The current manuscript is a work in progress, and there are several additional elements that deserve careful consideration. For example, we have not properly considered here the impact of motion on the reliability estimates, nor have we assessed the impact of individual level bagging versus group level bagging. It is also worth noting that the functional parcellations created in the current work are not intended to be new reference atlases that are more reproducible than others. Instead, we intend to demonstrate that bagging can improve the fit and generalization of functional parcellations. Most likely, the application of such cluster ensemble methods on multi-modal structural and functional data would lead to further improvements on the test-retest reliability of the parcellation, such as those applied in recent advanced efforts (Glasser et al., 2016; Xu et al., 2016).
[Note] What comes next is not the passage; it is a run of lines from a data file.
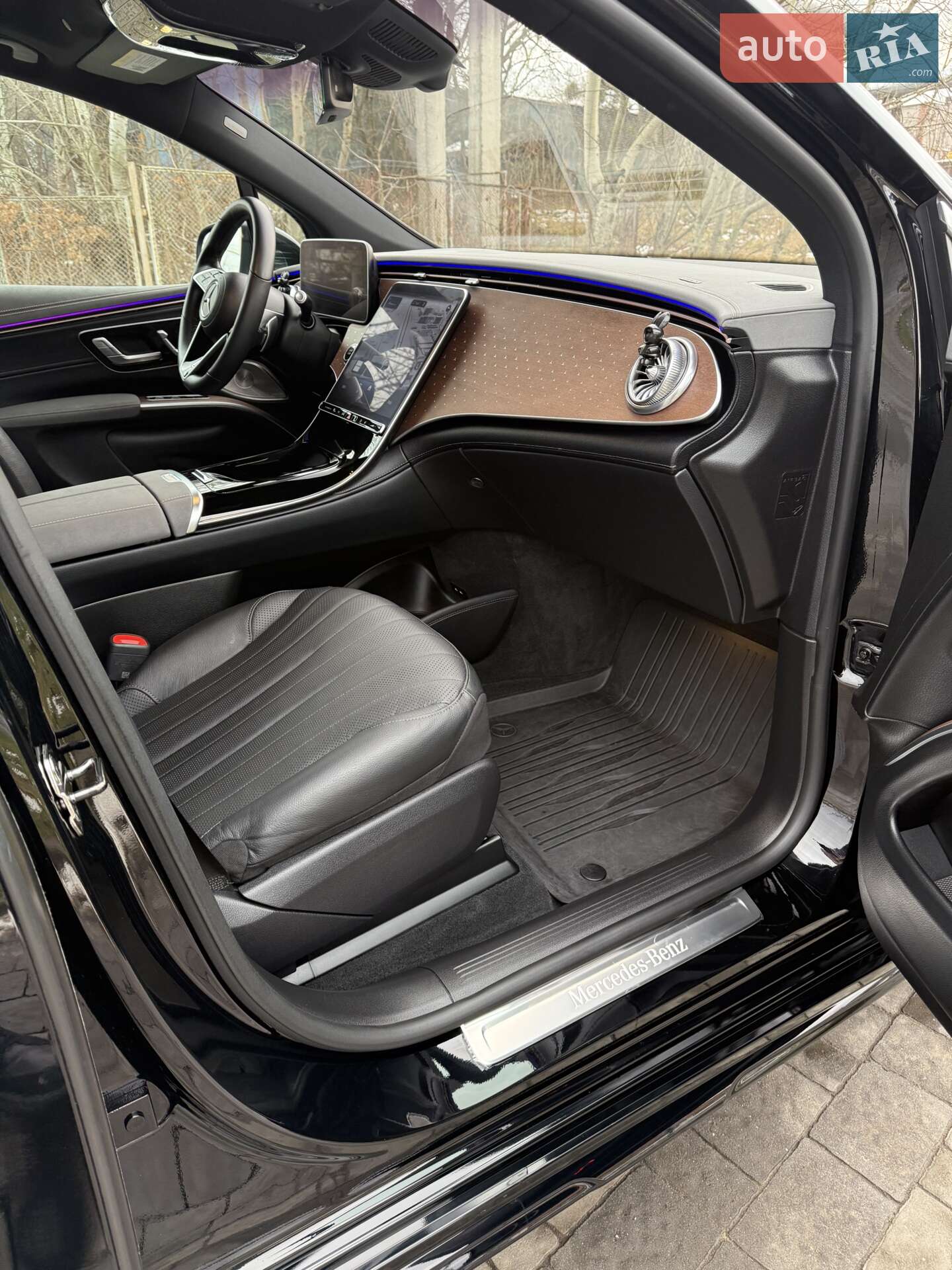 Mercedes-Benz EQS SUV 2022 VIN 4JGDM2EB7PA005241 фото оголошення 12 з 35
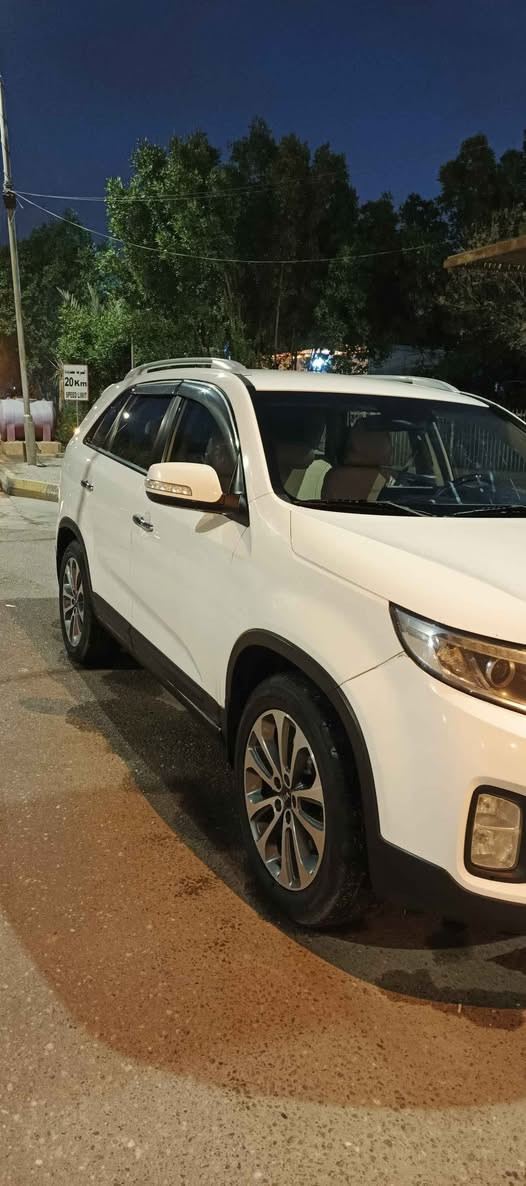 السلام عليكم سياره كيه سورنتو 2015 كفاله من الصبغ وكفاله من الضربه السياره بصمه  تحكم ستيرن ملبيها تنته 7راكب السياره كفاله من كلشي محرك كير حداديه تخم تاير جديد *********** سياره170 بيها مجال بسيط  بكان السياره بصره ابو الخصيب Singapore
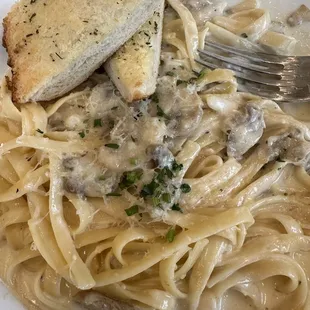 Fettuccine Alfredo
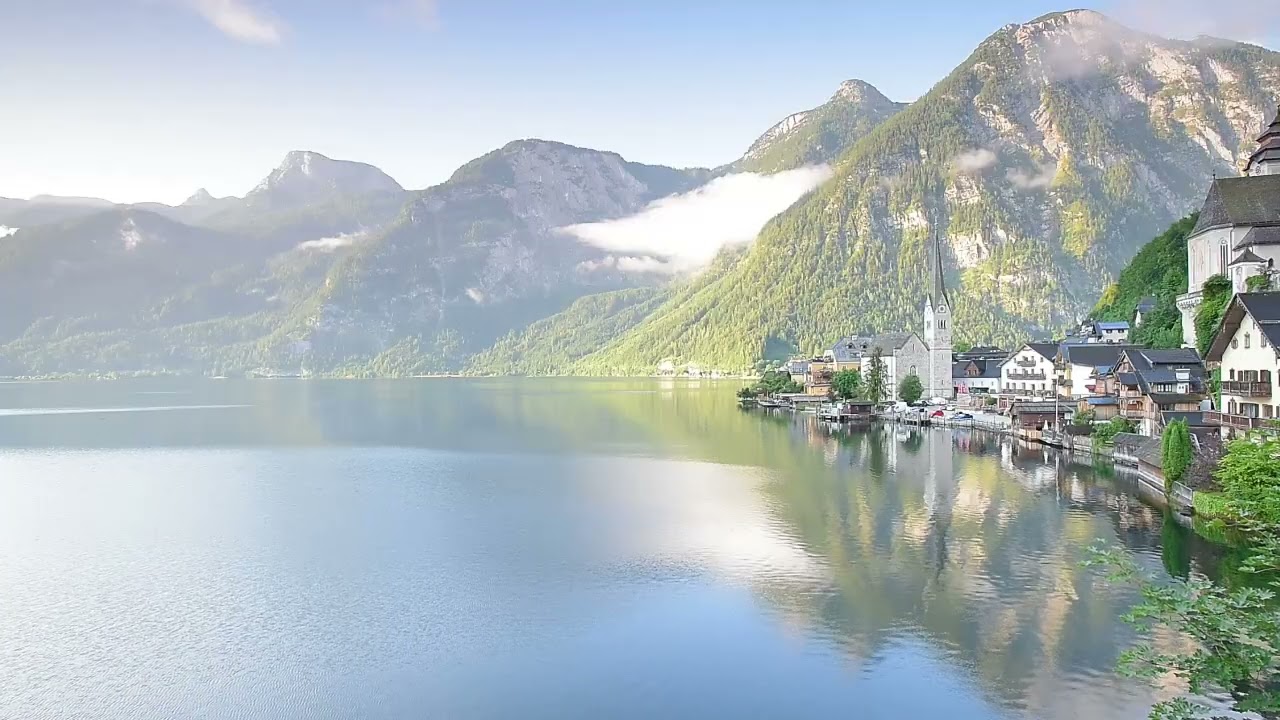 此生必訪的景點哈修塔特的日出 Sunrise at Hallstatt, a must-visit destination in your lifetime背景歌曲:慈悲的耶穌(Pie Jesu)
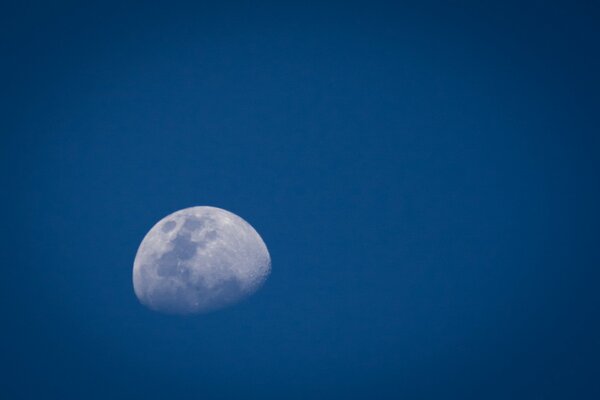 La Luna juega al escondite en el firmamento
Another limitation of the current study is that we did not exhaustively test the space of cluster methods, even though PyBASC inherently is capable of such extensions. Bagging and cluster ensembles are notable for being agnostic to clustering technique and have been successfully demonstrated in a wide range of clustering techniques however, and we feel this limitation is notable but not a significant one.

### 4.4 Future Directions

The current effort aimed at establishing the role of bagging in improving reproducibility and reliability of functional parcellations, but the number of tests were far from exhaustive. There are more ways that bagging and cluster ensembles could be leveraged to improve measurements of the brain. For instance, varying the time series window length, cluster technique, or resampling method may lead to better individual-level and group-level estimates. Some research has demonstrated that selecting diverse sets of cluster solutions for aggregation can outperform simply aggregating all cluster solutions. Such a diversity selection approach could also be employed in a similar context and may likely improve reproducibility and reliability of the cluster solutions as well.

## Footnotes

In this revision, we have significantly increased the scope of the previous article, which focused on between-session reproducibility. Here, we extend this to demonstrate the role of bagging on enhancing the between-sample and between session reproducibility and reliability of functional parcellations. We use two publicly available test-retest datasets, and assess the impact of bagging across a range of reproducibility metrics, scan lengths, samples, and scanners.